| Goal of the exercise |
From the records below, set down exactly the lines starting with the line that contains "Overland Park Kansas" and going on through the line that contains "Snowflake Templates (Free". Nothing else is wanted.

Short web captions
"""

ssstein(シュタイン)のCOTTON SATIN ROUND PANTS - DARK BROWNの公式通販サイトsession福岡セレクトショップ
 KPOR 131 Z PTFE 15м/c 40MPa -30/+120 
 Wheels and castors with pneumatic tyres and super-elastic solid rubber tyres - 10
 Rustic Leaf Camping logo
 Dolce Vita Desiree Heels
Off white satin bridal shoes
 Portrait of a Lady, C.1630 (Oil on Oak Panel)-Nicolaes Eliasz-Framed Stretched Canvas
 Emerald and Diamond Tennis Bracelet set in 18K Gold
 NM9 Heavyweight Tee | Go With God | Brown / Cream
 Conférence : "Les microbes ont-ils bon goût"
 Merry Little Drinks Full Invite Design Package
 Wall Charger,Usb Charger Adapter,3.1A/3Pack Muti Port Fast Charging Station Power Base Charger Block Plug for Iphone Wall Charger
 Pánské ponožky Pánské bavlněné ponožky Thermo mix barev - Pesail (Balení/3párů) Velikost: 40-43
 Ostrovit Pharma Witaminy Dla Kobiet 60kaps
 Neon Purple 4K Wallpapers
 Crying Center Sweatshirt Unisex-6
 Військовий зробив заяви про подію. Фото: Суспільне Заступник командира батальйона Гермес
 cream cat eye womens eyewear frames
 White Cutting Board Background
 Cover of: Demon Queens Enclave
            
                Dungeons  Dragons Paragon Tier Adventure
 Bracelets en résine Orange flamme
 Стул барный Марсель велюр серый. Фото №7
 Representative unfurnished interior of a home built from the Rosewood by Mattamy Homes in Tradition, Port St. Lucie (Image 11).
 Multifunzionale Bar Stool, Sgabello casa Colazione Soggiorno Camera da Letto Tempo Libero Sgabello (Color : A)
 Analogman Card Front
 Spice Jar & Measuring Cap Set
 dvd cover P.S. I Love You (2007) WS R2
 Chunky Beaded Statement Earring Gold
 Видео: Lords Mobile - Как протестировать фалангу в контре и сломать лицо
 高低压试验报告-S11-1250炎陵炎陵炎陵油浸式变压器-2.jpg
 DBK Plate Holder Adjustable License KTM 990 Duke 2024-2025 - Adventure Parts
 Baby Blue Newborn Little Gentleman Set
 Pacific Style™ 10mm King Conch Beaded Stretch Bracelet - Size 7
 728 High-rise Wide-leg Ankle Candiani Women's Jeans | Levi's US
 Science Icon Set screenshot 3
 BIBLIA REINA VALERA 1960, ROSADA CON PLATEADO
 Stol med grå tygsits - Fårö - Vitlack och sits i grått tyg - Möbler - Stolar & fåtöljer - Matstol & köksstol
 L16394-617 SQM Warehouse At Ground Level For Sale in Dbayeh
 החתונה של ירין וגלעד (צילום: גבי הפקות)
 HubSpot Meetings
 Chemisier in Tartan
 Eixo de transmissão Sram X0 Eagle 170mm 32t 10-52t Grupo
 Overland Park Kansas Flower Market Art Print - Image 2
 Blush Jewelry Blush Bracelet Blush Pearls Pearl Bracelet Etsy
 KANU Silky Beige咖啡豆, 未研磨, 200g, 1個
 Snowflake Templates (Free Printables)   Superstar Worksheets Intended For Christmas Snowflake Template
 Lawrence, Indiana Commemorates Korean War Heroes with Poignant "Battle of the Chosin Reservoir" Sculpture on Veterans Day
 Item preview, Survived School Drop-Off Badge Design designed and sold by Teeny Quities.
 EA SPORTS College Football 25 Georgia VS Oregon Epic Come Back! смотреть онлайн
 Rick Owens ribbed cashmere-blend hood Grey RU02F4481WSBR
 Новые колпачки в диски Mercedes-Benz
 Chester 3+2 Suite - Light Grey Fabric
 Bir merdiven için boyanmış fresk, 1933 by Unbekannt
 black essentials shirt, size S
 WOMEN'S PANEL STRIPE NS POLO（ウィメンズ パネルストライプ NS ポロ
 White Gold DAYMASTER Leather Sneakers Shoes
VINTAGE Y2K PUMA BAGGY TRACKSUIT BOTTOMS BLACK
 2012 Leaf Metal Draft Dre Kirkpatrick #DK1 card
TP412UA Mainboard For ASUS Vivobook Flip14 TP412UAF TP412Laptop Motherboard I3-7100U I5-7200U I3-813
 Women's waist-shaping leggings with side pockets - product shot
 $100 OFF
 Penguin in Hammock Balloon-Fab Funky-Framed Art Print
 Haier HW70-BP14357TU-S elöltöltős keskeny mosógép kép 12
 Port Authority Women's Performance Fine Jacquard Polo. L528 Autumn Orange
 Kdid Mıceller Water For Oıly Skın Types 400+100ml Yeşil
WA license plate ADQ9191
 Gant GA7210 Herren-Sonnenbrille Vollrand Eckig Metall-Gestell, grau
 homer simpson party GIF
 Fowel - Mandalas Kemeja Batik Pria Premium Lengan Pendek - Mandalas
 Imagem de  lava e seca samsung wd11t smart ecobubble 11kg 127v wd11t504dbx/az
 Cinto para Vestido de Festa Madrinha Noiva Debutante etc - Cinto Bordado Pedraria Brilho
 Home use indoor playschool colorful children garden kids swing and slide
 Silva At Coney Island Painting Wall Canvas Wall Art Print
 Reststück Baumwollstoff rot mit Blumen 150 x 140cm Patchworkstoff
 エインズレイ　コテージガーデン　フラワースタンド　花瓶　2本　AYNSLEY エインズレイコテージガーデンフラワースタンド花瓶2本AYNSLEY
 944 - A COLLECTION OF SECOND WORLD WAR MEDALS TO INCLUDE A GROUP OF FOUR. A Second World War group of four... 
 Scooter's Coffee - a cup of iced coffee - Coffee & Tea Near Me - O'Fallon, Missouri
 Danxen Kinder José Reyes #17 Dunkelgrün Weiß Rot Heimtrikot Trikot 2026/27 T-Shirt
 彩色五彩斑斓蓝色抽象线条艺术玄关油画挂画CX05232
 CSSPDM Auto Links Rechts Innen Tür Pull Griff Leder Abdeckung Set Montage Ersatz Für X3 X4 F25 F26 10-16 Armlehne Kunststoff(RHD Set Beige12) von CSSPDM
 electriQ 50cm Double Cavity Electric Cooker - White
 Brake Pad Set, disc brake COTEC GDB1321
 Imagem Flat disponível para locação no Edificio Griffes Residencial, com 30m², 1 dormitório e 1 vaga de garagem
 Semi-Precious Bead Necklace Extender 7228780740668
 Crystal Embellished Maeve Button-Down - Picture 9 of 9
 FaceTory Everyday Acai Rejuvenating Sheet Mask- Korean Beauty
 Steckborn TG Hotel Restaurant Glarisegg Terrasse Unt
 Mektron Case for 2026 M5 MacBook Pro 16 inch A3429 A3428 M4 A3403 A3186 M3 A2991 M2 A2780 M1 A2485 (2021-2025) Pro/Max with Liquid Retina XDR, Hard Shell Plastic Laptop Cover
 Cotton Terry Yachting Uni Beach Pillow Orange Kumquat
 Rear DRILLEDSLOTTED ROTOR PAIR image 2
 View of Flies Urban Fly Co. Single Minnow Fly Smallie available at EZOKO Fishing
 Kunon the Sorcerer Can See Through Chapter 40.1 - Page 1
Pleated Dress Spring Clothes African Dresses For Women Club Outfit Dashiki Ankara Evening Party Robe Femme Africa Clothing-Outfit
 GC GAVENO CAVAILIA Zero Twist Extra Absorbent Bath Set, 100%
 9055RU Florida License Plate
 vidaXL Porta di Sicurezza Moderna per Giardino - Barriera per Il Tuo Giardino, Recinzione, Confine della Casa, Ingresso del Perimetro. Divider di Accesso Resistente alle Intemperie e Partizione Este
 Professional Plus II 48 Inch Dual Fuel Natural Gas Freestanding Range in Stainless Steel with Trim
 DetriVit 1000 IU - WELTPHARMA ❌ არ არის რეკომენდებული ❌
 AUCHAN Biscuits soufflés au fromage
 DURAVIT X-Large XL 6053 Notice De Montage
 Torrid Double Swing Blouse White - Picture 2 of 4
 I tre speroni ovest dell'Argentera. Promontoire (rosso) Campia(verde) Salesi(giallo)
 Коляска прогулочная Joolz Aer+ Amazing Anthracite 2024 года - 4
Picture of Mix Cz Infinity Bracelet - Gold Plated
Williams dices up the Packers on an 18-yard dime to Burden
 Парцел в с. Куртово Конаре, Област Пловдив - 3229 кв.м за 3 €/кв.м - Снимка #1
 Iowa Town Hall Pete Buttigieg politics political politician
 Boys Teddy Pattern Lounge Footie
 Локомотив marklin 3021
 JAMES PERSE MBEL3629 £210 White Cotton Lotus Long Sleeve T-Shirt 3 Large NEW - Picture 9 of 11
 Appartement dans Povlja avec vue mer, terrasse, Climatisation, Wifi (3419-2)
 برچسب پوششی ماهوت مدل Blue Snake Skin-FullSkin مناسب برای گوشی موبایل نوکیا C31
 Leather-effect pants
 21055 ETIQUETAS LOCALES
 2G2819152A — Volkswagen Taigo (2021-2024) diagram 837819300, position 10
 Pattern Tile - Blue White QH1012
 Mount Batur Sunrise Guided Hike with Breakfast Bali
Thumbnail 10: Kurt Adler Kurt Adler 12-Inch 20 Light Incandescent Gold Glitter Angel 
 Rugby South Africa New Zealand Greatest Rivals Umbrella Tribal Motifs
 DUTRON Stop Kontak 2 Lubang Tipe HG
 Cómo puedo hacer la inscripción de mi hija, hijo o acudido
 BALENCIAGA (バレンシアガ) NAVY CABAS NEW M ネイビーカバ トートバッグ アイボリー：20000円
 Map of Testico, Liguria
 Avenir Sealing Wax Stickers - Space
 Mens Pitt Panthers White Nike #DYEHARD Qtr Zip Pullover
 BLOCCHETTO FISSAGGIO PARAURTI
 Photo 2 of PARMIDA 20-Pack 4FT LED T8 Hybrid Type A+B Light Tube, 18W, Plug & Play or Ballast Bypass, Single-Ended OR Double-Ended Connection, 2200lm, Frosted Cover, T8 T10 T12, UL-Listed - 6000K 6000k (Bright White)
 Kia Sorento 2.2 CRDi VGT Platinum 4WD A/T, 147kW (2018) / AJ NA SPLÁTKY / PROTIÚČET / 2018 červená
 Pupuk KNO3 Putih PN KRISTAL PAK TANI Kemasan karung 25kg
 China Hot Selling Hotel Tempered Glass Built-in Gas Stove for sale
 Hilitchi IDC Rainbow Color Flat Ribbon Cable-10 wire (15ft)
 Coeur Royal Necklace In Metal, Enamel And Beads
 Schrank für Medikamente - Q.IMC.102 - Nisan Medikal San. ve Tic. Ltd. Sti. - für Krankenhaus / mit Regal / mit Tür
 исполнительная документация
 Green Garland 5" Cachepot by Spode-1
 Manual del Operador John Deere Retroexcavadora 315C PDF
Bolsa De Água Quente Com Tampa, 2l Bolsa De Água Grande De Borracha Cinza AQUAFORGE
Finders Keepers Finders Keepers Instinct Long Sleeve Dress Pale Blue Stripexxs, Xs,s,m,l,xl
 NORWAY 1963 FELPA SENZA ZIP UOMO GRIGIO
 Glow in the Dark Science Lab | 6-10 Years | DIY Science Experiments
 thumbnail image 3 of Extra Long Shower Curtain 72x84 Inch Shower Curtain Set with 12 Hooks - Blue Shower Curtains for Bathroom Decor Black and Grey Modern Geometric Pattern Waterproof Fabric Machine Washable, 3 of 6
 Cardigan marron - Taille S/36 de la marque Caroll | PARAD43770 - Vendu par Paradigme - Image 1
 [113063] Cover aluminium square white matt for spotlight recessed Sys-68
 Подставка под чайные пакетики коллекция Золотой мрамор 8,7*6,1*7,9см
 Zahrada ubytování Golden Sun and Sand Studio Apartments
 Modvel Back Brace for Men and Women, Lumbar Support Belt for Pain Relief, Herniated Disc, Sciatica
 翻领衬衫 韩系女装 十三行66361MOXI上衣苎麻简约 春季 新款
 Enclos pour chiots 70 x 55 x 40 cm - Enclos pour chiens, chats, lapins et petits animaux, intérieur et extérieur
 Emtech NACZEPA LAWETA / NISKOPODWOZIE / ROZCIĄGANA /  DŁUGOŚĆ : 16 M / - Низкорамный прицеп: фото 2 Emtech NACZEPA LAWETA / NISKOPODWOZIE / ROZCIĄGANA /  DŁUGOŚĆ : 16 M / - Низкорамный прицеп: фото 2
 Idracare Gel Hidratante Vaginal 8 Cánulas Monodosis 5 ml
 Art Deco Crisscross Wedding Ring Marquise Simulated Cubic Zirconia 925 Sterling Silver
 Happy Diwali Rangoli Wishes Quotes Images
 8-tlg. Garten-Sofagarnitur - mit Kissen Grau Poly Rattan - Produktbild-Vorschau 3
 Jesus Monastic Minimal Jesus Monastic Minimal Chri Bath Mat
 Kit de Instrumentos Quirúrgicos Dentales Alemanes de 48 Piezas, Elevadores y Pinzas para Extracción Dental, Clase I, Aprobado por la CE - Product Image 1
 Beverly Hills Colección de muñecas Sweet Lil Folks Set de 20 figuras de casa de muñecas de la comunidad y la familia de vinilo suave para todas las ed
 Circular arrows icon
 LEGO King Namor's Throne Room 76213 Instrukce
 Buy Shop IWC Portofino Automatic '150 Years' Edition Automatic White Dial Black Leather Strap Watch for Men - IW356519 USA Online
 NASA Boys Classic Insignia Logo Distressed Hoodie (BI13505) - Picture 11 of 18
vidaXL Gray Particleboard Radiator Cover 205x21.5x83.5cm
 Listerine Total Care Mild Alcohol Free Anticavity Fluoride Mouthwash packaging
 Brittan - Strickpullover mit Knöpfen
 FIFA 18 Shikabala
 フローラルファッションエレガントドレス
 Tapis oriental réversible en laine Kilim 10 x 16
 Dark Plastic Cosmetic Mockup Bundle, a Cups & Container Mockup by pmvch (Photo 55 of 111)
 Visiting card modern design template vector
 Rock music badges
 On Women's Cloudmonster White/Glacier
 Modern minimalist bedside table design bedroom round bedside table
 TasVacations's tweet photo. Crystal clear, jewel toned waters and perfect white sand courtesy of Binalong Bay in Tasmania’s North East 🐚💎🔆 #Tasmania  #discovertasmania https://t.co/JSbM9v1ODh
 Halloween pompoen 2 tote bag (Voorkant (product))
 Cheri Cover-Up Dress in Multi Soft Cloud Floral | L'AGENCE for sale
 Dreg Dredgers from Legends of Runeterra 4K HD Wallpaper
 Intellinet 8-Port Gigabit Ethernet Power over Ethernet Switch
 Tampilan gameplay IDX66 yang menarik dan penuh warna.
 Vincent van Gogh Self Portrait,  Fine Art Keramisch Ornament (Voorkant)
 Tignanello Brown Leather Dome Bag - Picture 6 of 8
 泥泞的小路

"""

| Answer section |
 Overland Park Kansas Flower Market Art Print - Image 2
 Blush Jewelry Blush Bracelet Blush Pearls Pearl Bracelet Etsy
 KANU Silky Beige咖啡豆, 未研磨, 200g, 1個
 Snowflake Templates (Free Printables)   Superstar Worksheets Intended For Christmas Snowflake Template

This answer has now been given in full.